What I do disagree with is the fact that they say I am an abuser and that I mistreat my children. I do admit that I have corrected my children, probably-maybe not the way that they do things in the United States.

Father's testimony at the hearing suggests that he believed his actions were appropriate, even after having learned about the cultural differences regarding discipline in the United States. Therefore, Finding of Fact 22 is supported by competent evidence. As Father does not challenge any of the remaining, pertinent findings of fact, they are binding on appeal. See M.D. , 200 N.C. App. at 43, 682 S.E.2d at 785.

3. Lack of Reasonable Progress

Father contends that he made reasonable progress given the cultural and language barriers he encountered. While Father concedes that he was originally resistant to WCHS involvement, he argues that he ultimately complied with his Case Plan by maintaining housing and employment, obtaining a mental health assessment, and completing his parenting classes. We disagree.

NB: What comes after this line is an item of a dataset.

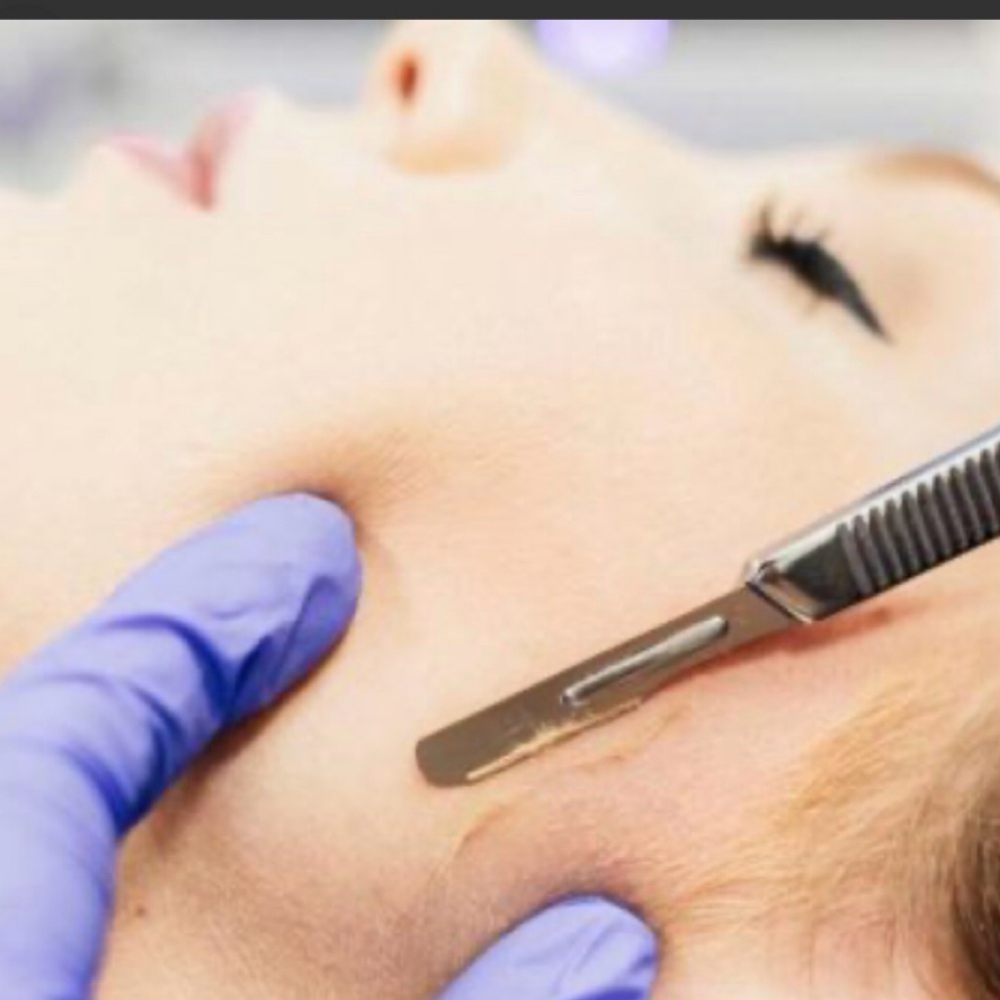 Dermaplaning Facial at Revive Beauty Co. in Fenton, MI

As previously noted, "[a] finding of willfulness is not precluded even if the respondent has made some efforts to regain custody of the children." Nolen , 117 N.C. App. at 699, 453 S.E.2d at 224. A review of the trial court's findings of fact establishes that Father's reunification attempts were insufficient and dilatory. The findings of fact establish that Father refused to enter into his Case Plan and receive services until March 2015-nearly sixteen months after the Juveniles were removed from the home and nearly a year after the trial court's adjudication and disposition order set forth a plan for reunification. The findings of fact show that Father failed to stay in contact with WCHS, was discharged from domestic violence/anger management therapy, and failed to demonstrate the skills learned in his parenting classes. The findings of fact also show that Father never visited the Juveniles. While Father blames his lack of visitation on the fact that it was suspended, it is clear from the record that he could have regained visitation upon entering into his Case Plan.

Lastly, the trial court addressed the language and cultural differences at play in the following finding of fact:

36. This Court acknowledges that language differences and limited Spanish speaking services have been challenges for the parents, however, the Court does not find that these challenges amounted to a barrier that the parents could not have reasonably overcome.

Thus, the record establishes that the trial court weighed evidence pertaining to cultural and language barriers, but ultimately concluded that they did not hinder Parents' ability to make reasonable progress. The trial court did not err in terminating Father's parental rights due to lack of reasonable progress.

V. Conclusion

In conclusion, we find that the trial court had subject matter jurisdiction to terminate Parents' parental rights. Moreover, we hold that the trial court did not err in terminating Parents' parental rights due to their lack of reasonable progress in correcting the conditions that led to removal. As we affirm the trial court's termination of parental rights on this basis, we need not address Parents' remaining arguments. See Humphrey , 156 N.C. App. at 540, 577 S.E.2d at 426.

AFFIRMED.

Report per Rule 30(e).

Judges HUNTER, JR., and DIETZ concur.

Pseudonyms are used to protect the identities of the Juveniles and for ease of reading.

This was the same date WCHS filed the juvenile petition.

Father does challenge a number of other findings of fact, including Finding of Fact 17, and portions of Finding of Fact 16 and Finding of Fact 23. These challenged findings of fact are not necessary to affirm the trial court's conclusion, and we have therefore omitted them from our analysis. See In re T.M., 180 N.C. App. 539, 547, 638 S.E.2d 236, 240 (2006) ("When ... ample other findings of fact support an adjudication of neglect, erroneous findings unnecessary to the determination do not constitute reversible error.").